The mystery deepens as the behavior continues. Camera trap recordings have offered little more than lists of rodents and their predators as suspects who are quickly dismissed. Strings of investigation drawn between possible culprits and evidence provide no clarity.

Meanwhile, depredation still awaits Megan’s arrival at her farm’s vegetable beds some mornings. The bodies of murdered shoots abandoned and forgotten by a hunter. 

And there’s still that baffling time that the onions were replanted. Upside. Down.

—

One type of mammal was strongly considered at the first discovery of the onion thief. A human.

The Knoll is close to a population of humans who are known to enjoy a prank or two. In fact, this group of humans even has a subgroup called the Pranksters. But humans were quickly ruled out as the perpetrators. The remains of the onion beds don’t look like a person either pulled up the onions or tried to replant them. It’s chaos and disruption. A clash between agriculture and the unidentified instinct of a clever mind. 

To paraphrase a famous deductive reasoner, when you’ve eliminated the possible, the impossible is all that’s left. In this case, when you’ve eliminated ground-dwelling predators, you’re left looking to the sky.

Megan’s seen hawks scouting out the Knoll in their wide, watchful circles. Kestrels, ospreys, all of these have been seen by the garden’s guardian. More additions to the list of suspects that can be scratched off.

Finally, one night, the biology student heading the investigation gets a lead and texts new evidence to Megan. The camera trap has identified an animal of interest in the case. And it’s one of mankind’s oldest avian friends.

The crow.

Trickster, prophet, and one always ready to take advantage of an opportunity others miss.

—-

Their new evidence, a moment captured by the camera, reveals a crow with a long, tubish thing in its beak, standing on the bed in the dark of the night. “An onion?” the biologist asks Megan. 

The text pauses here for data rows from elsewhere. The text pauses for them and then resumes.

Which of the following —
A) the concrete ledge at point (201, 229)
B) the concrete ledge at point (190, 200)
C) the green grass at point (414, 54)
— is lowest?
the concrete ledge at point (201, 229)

“That’s probably a worm,” Megan replies.

But still, it’s the best lead they have. And at last, a suspect stays on the list.

Crows, rooting in the bed for juicy worms. The onions get tossed aside in a primal frenzy to feed. Biologist and farmer agree this is the likeliest scenario. 

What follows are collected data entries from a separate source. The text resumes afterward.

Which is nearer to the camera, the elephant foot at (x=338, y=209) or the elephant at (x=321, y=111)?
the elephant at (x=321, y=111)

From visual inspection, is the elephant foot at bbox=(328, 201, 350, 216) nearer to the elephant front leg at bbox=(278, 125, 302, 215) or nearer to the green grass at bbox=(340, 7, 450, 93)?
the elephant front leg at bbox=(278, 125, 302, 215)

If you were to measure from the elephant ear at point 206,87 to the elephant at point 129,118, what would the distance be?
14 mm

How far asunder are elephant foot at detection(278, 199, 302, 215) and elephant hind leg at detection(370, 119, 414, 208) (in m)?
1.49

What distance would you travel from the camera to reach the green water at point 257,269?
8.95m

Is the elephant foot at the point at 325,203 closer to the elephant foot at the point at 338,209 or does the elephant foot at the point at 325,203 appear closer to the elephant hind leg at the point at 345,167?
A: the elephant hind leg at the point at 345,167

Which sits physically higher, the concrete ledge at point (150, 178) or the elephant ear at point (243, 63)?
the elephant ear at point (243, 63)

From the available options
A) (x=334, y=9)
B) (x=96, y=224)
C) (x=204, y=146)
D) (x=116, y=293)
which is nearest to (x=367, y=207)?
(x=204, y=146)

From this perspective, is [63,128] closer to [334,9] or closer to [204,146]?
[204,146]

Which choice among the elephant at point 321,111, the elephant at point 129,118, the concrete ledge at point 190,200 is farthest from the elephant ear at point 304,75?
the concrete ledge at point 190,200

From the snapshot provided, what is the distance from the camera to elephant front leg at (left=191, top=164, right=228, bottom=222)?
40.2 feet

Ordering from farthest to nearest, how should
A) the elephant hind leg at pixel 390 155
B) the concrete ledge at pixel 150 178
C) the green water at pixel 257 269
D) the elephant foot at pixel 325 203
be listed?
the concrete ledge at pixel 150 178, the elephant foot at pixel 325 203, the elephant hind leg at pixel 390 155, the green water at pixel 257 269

If friend Crow is the one stopping by the Knoll for a midnight snack, sometimes being overly clever and putting the worm-covering onion shoots back into the ground after yanking them out, the knowledge really brings no solution to the problem of having a small staff work twice on the same project.

Neither Megan nor the team of biologists are out to punish the creature who’s only doing what we all do: surviving at any cost. They just want to know, so they can welcome the “thief” as a member of the natural community and take that into account as they put more onions in the ground.

As the Abenaki teach, Megan thinks under her wide-brimmed hat, spring sun pouring down around her, hands working in the bed, “you always plant extra.”